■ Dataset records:
-=-=-
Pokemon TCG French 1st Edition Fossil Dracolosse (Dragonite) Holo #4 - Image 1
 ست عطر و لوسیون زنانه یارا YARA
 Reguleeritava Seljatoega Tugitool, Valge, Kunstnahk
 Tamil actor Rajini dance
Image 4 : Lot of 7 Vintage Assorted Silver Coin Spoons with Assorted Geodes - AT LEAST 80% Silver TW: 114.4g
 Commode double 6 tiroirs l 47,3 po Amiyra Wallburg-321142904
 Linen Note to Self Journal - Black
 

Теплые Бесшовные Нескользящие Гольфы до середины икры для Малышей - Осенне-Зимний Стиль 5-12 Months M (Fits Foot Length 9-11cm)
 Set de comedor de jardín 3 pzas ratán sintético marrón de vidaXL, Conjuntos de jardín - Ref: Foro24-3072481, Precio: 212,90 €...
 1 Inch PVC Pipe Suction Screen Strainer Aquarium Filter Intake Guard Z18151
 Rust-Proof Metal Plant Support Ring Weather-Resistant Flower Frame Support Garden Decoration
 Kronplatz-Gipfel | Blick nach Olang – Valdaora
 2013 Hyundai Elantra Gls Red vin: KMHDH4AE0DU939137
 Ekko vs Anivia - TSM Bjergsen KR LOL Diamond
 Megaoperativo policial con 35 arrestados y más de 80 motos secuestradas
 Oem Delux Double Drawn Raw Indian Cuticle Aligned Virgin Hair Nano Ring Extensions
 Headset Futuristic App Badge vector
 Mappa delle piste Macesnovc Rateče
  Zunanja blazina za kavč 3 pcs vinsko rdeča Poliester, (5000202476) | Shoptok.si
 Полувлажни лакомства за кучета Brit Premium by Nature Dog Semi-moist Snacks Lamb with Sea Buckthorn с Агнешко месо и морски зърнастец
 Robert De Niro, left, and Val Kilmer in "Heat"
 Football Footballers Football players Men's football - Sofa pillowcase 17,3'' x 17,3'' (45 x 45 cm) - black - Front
-=-=-
■ Task to complete: Take the lines above and retype all of them exactly.

■ Solution to the exercise:
Pokemon TCG French 1st Edition Fossil Dracolosse (Dragonite) Holo #4 - Image 1
 ست عطر و لوسیون زنانه یارا YARA
 Reguleeritava Seljatoega Tugitool, Valge, Kunstnahk
 Tamil actor Rajini dance
Image 4 : Lot of 7 Vintage Assorted Silver Coin Spoons with Assorted Geodes - AT LEAST 80% Silver TW: 114.4g
 Commode double 6 tiroirs l 47,3 po Amiyra Wallburg-321142904
 Linen Note to Self Journal - Black
 

Теплые Бесшовные Нескользящие Гольфы до середины икры для Малышей - Осенне-Зимний Стиль 5-12 Months M (Fits Foot Length 9-11cm)
 Set de comedor de jardín 3 pzas ratán sintético marrón de vidaXL, Conjuntos de jardín - Ref: Foro24-3072481, Precio: 212,90 €...
 1 Inch PVC Pipe Suction Screen Strainer Aquarium Filter Intake Guard Z18151
 Rust-Proof Metal Plant Support Ring Weather-Resistant Flower Frame Support Garden Decoration
 Kronplatz-Gipfel | Blick nach Olang – Valdaora
 2013 Hyundai Elantra Gls Red vin: KMHDH4AE0DU939137
 Ekko vs Anivia - TSM Bjergsen KR LOL Diamond
 Megaoperativo policial con 35 arrestados y más de 80 motos secuestradas
 Oem Delux Double Drawn Raw Indian Cuticle Aligned Virgin Hair Nano Ring Extensions
 Headset Futuristic App Badge vector
 Mappa delle piste Macesnovc Rateče
  Zunanja blazina za kavč 3 pcs vinsko rdeča Poliester, (5000202476) | Shoptok.si
 Полувлажни лакомства за кучета Brit Premium by Nature Dog Semi-moist Snacks Lamb with Sea Buckthorn с Агнешко месо и морски зърнастец
 Robert De Niro, left, and Val Kilmer in "Heat"
 Football Footballers Football players Men's football - Sofa pillowcase 17,3'' x 17,3'' (45 x 45 cm) - black - Front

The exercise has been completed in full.